BTW--I added the qualifier "in combat" deliberately. 1972 was a very different situation from today. Back then our aircraft flew all kinds of sorties against operational SAM systems--so our intel was very good. SAM technology was a lot easier to spoof back then, but the NV operators were also highly experienced. Luckily, the BUFFS had Wild Weasels to help with SEAD. Even so, there were BUFF losses; they were far from invulnerable.
Of course, EW defensive systems are kept up to date. But they are only as good as the intelligence and exploitation available--and those are never perfect. In Schwartzkoph's autobiography ("It Doesn't Take a Hero"), he made the comment that B-52's were invulnerable due to the EW packages. If someone told him that they were either naive or lying. Lucily, Sadaam mostly had the older stuff.
EW countermeasures are just a part of a package, including SEAD and tactics. A smart crew views them as a tool of last resort--nothing more.

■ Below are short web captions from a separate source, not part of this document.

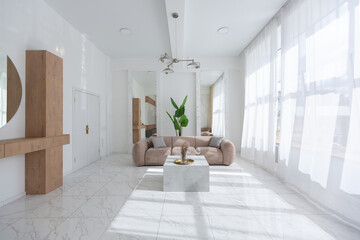 light luxury interior design of a modern apartment in a minimalist style with marble trim and huge windows. daylight inside the kitchen and living room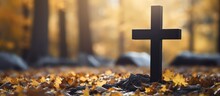 Autumn Cemetery With A Black Cross On A Headstone Made Of Granite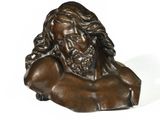a bronze bust of jesus with long hair and a beard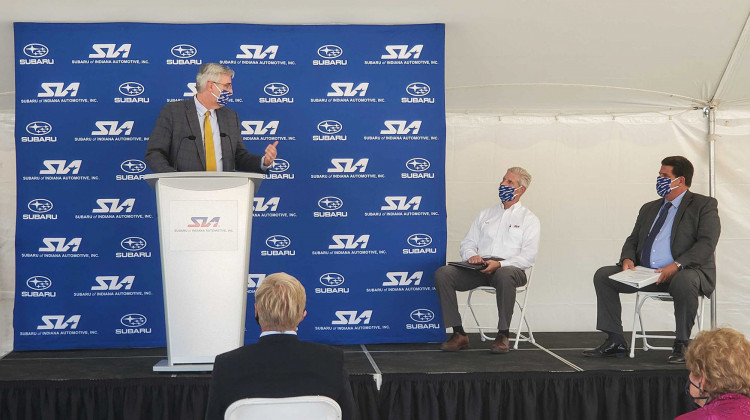 (Left to right) Gov. Eric Holcomb speaks at Subaru of Indiana Automotive ground breaking with SIA Vice President Scott Brand and Lafayette Mayor Tony Roswarski sitting on stage. - Samantha Horton/IPB News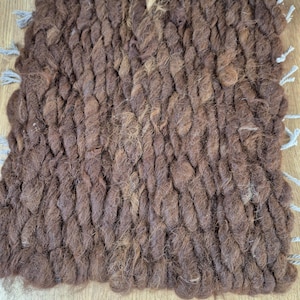 May include: A square, hand-woven brown rug with a textured, rope-like appearance. The rug has a dense weave and is trimmed with gray tassels on the corners. The rug is made of natural fibers and is suitable for indoor use.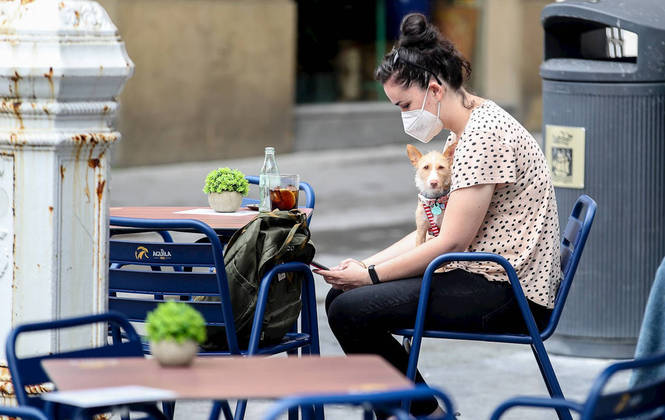 -FOTODELDIA- GRAFCAV6921. SAN SEBASTIÁN (ESPAÑA), 23/07/2021.- Una joven toma una consumición protegida con mascarilla este viernes en una terraza de San Sebastián. El decreto del lehendakari que impone un mayor uso de la mascarilla en espacios exteriores y limita los horarios en hostelería y en actividades culturales y sociales ha sido publicado este viernes en el Boletín Oficial del País Vasco (BOPV), de manera que ya está en vigor. EFE/Juan Herrero.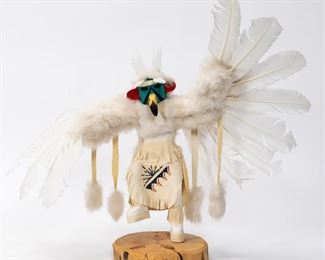 https://www.liveauctioneers.com/item/85207531_signed-white-eagle-kachina-doll-on-pine-stand
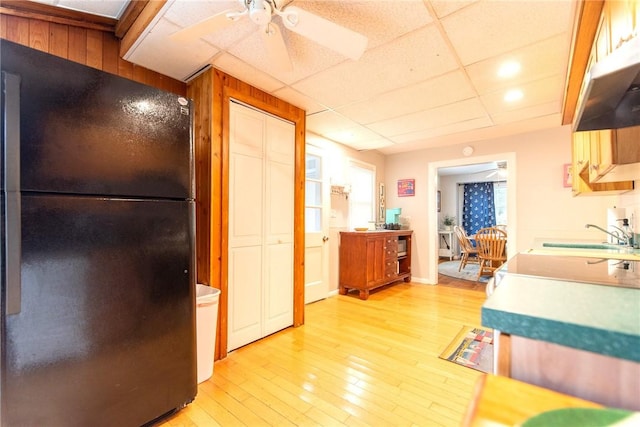 130 Knowlesway Ext, Narragansett, RI 02882 - kitchen with freestanding refrigerator, a ceiling fan, light wood-style flooring, and under cabinet range hood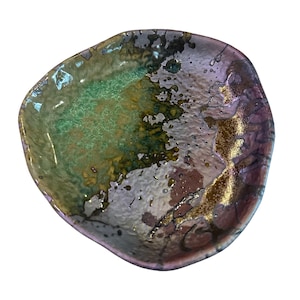 May include: A small, irregularly shaped ceramic dish with a green, purple, and gold glaze. The dish has a textured surface and a slightly raised rim.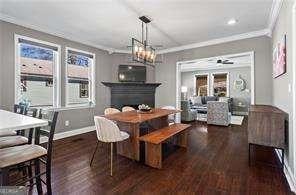 dining space with a notable chandelier, wood finished floors, baseboards, and ornamental molding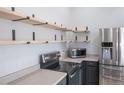 Kitchen with stainless steel appliances, open wood shelving, and neutral countertops and cabinetry at 10035 E Carolina Pl # 201, Aurora, CO 80247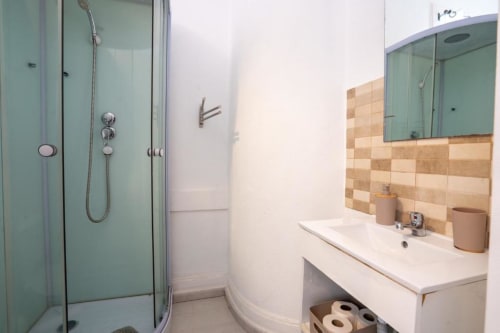Banheiro moderno em Madeirarooms Funchal com chuveiro de vidro, azulejos bege, bancada branca e local para papel higiênico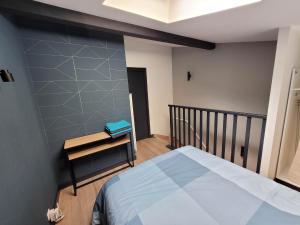 ein Schlafzimmer mit einem Bett und einem kleinen Tisch in der Unterkunft Duplex Mon Désert - Parc Sainte Marie - Nancy Thermal in Nancy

The B-52s back then were awesome in their EW not so much because of flying against operational SAM systems (there was some of that); their EW systems were already pretty much “set” before the time of Linebacker 2. No, they were good because they had been designed and then practiced to penetrate the Soviet Union, and there was no doubt in my mind that they would have reached their Russian targets. The BUFF losses were not in the least due to any lack of raw EW power, which is difficult to describe fully, but because NVN was able to use the certainty of B-52 timing and altitudes of the all too predictable ingress and egress, firing dozens of missiles to detonate at the right altitudes and coordinates. The radars and missiles were absolutely not able to function normally in a predictive sense.
As far as Sadaam having the “older stuff”, the B-52s also had EW upgrades for the “newer stuff”; it really didn’t matter to the B-52s, they were loaded for bear.
EW countermeasures a tool of last resort? Maybe for a fighter, who can use evasive maneuvers, but this is simply not true for the B-52. SEAD? B-52s were designed to penetrate the Soviet Union, and guess what, there was not going to be SEAD on that fateful day.